The owner of organic grocer Chuck’s Produce & Street Market is moving forward with plans to build a second Clark County store while challenging the county’s assessment of nearly $850,000 in development fees.
Company founder Bart Colson recently closed a $1.2 million deal to purchase a four-acre tract in Hazel Dell at the northeast corner of Highway 99 and 117th Street, where he proposes to build a 47,370-square-foot store, according to newly recorded county records. Colson, who complained last month about the $843,000 traffic impact fee the county initially assessed on his proposal, has submitted a separate study written by a company he hired to measure the store’s potential impact on traffic.
That company’s analysis came in at roughly $424,000, about 50 percent less than the county’s total fee, based on a lower traffic projection than the county’s
County engineers haven’t decided yet whether to accept that analysis or ask for additional information, said Jeff Mize, a spokesman for the county’s public works department.
“We haven’t seen any immediate red flags and we remain optimistic about our ability to work with the applicant,” he said.
Colson did not return messages. He expects the proposed $5.5 million Chuck’s Produce & Street Market store to open in mid 2012.
The first Chuck’s opened in east Vancouver off Mill Plain Boulevard in 2010, transforming a shuttered Joe’s sporting goods store into a produce-focused grocery complete with an in-store deli, a bakery and butcher shop stocked with locally produced meats.
Colson is a partner in Vancouver-based Hawthorn Retirement Group, a family-owned business that operates a string of more than 40 senior living facilities in the U.S., Canada and the United Kingdom. The family’s Salem, Ore.-based construction firm, Colson & Colson General Contractors, has built more than 300 retirement facilities, according to its website.

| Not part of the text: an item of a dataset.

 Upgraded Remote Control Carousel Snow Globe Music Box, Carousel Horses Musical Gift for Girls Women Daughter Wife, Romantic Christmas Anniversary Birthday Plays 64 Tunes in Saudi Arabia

Colson also is affiliated with the family business HRC Investors Corp., which operates as Holiday Retirement and manages a string of other retirement communities, among them The Bedford off Southeast McGillivray Boulevard in Vancouver. Rents in the upscale complex start at $2,548 per month.
Colson has said his background caused him to question Clark County’s traffic impact fees, which he said were higher than in other parts of the nation.

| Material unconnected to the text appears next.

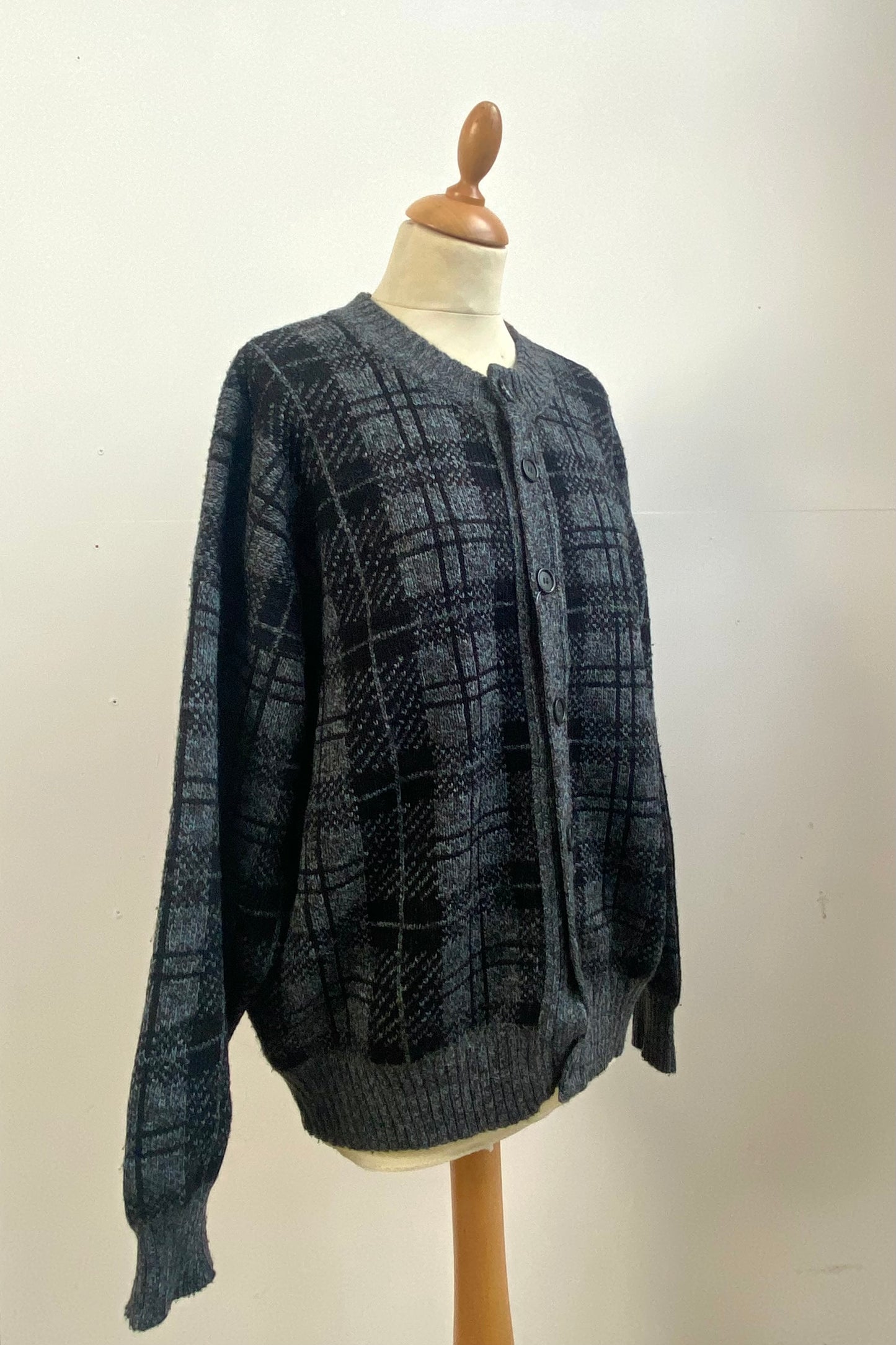 Black & Grey Check Cardigan Size M/L UK 10/12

Mize said the company’s privately commissioned impact fee study was conducted by Portland-based Charbonneau Engineering.
“The county received the fee study Tuesday afternoon. We haven’t had time to analyze it yet in detail, but we can see they used video technology to measure the traffic at three other projects,” he said.
The study examined the number of vehicle trips generated by three existing stores. They were the Mill Plain Boulevard Chuck’s, a Whole Foods Market in east Vancouver and the New Seasons Market off Southeast Division Street in Portland.
Mize said traffic impact fees are calculated based on the type of project, its location, size and the number of road trips associated with the development.
The proposed Chuck’s development is located in the county’s Highway 99 Sub-Area Planned Overlay District, where traffic impact fees are assessed at $450 per trip.
Mize said the county would like to spur redevelopment in the area and offers developer discounts on traffic fees.